The Pennsylvania Department of Environmental Protection (DEP) wants to ease up on the way related sources of air emissions from industrial operations, including Marcellus Shale developments, are grouped together for regulatory purposes.

The DEP released a technical guidance on these single source or “air aggregation” determinations for review on Wednesday and is taking comments through Nov. 21.

The complex process helps regulators decide whether to group several sources of air emissions and impose stricter permitting requirements if the emissions from those aggregated facilities hit thresholds that any single facility doesn’t on its own.

The guidance takes a literal approach to existing law, which says separate sources of emissions must be “contiguous or adjacent” to be combined. The DEP believes those words define “the distance or spatial relationships between locations.”

“Over time, there was a tendency by some regulators to morph the meaning of ‘contiguous’ or ‘adjacent’ properties to mean only that operations on the properties be ‘interdependent,'” DEP Secretary Michael Krancer said, adding that this expanded definition isn’t supported by case law or existing state and federal regulations.

West Virginia regulators recently affirmed this “spatial” definition in a case involving a subsidiary of Chesapeake Energy Corp., and Texas, Oklahoma and Louisiana all use a quarter-mile baseline to define “contiguous or adjacent.”

“Every case remains, as it always has, unique, with its own facts and circumstance,” Krancer said. “The single source determination test will continue to be applied on a case-by-case basis, depending on the facts of each particular case.”
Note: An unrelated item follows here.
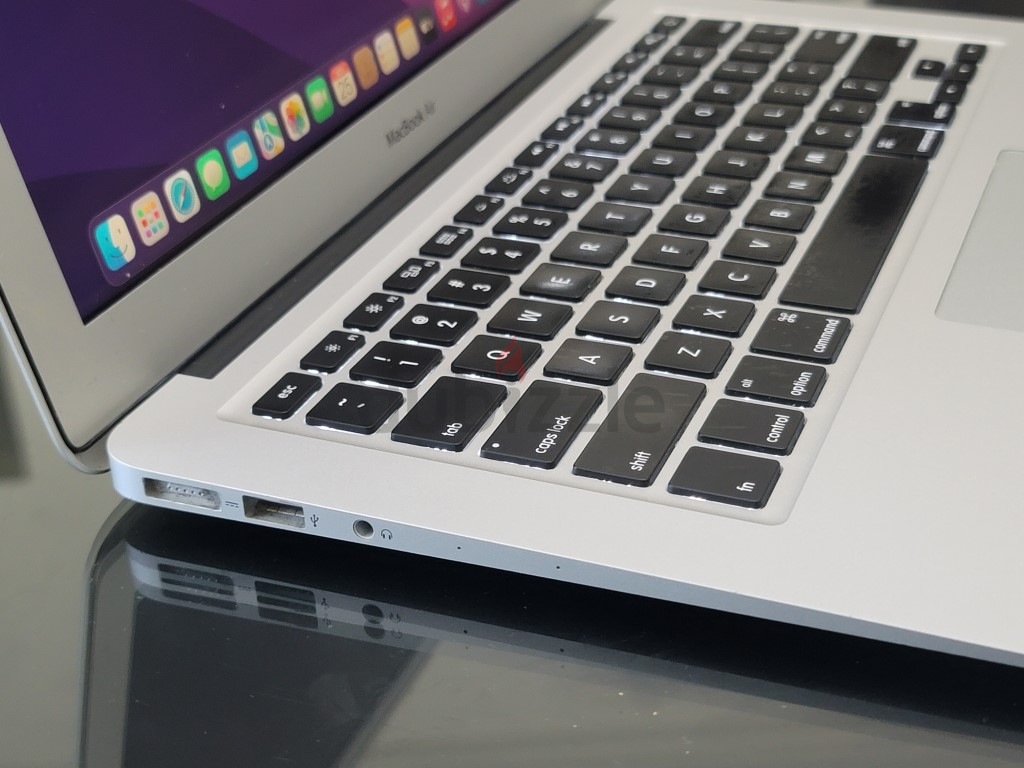 Macbookair 2015 11インチ 128GB メモリ8G - ノートPC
The previous guidance came in a December 2010 policy document that Pennsylvania Gov. Tom Corbett rescinded in February, shortly after taking office (see Shale Daily, March 3, March 1). That decision provided the administration one of its first Marcellus-related controversies, and angered some environmental groups that felt the state shouldn’t limit its ability to aggregate.
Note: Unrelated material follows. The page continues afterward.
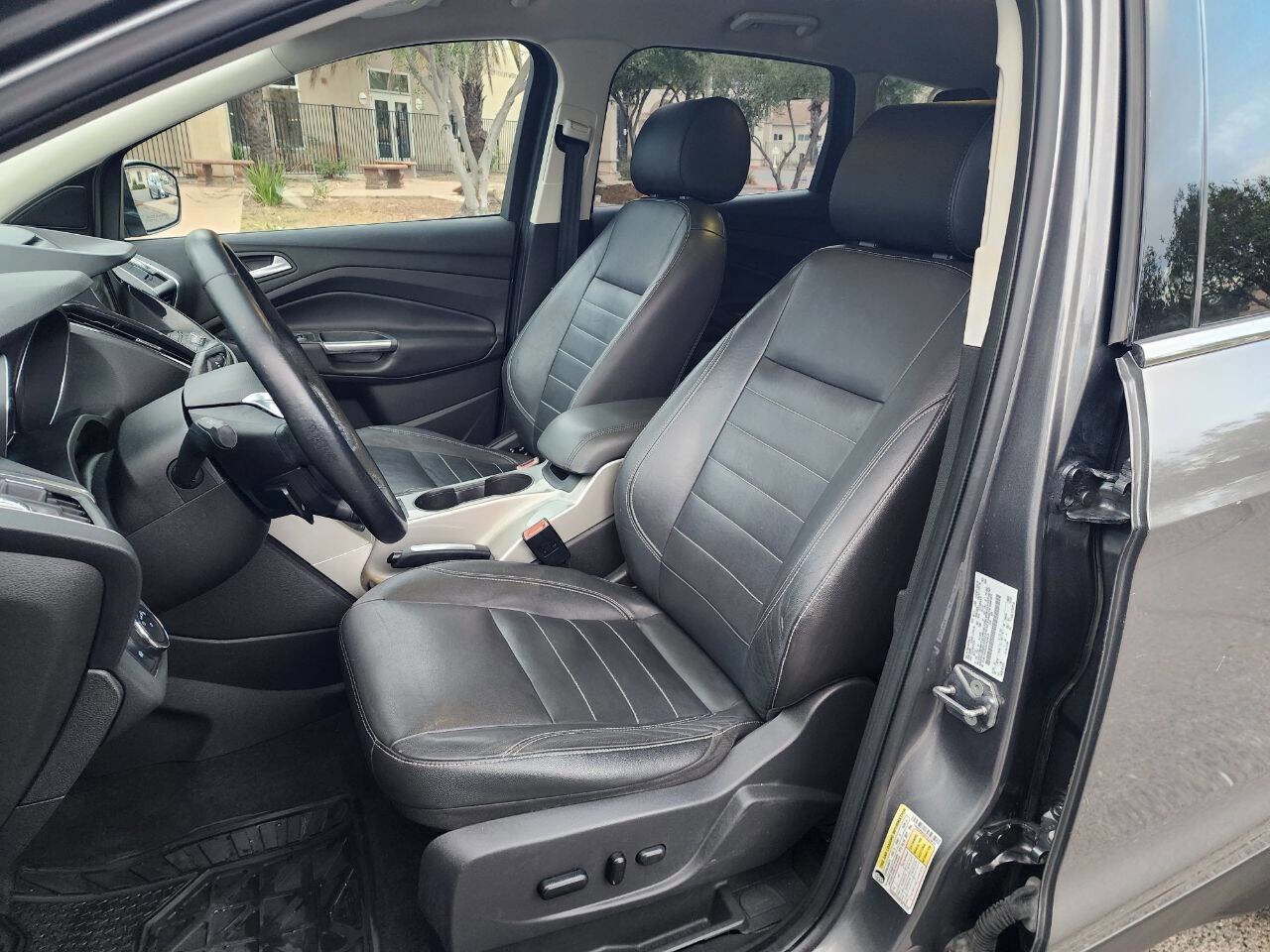 Used 2013 Ford Escape SEL image 29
“In some cases that may not be appropriate, but at least the original ruling gave DEP the ability to look at that and decide if it was appropriate,” Jan Jarrett, CEO of Citizens for Pennsylvania’s Future, told NGI’s Shale Daily at the time.

The DEP plans to begin implementing the technical guidance on an interim basis now, while it collects and considers public comments on the proposed decision.

That could have a major impact on planned oil and gas facilities in Pennsylvania.

As the DEP crafted its 2010 policy, the Marcellus Shale Coalition (MSC) noted that “the vast major of the MSC’s members facilities are not, and will not be, ‘contiguous or adjacent’ within the plain meaning of those terms,” and aggregating sources based on interconnection, such as by pipelines, “is a serious misapplication” of policy.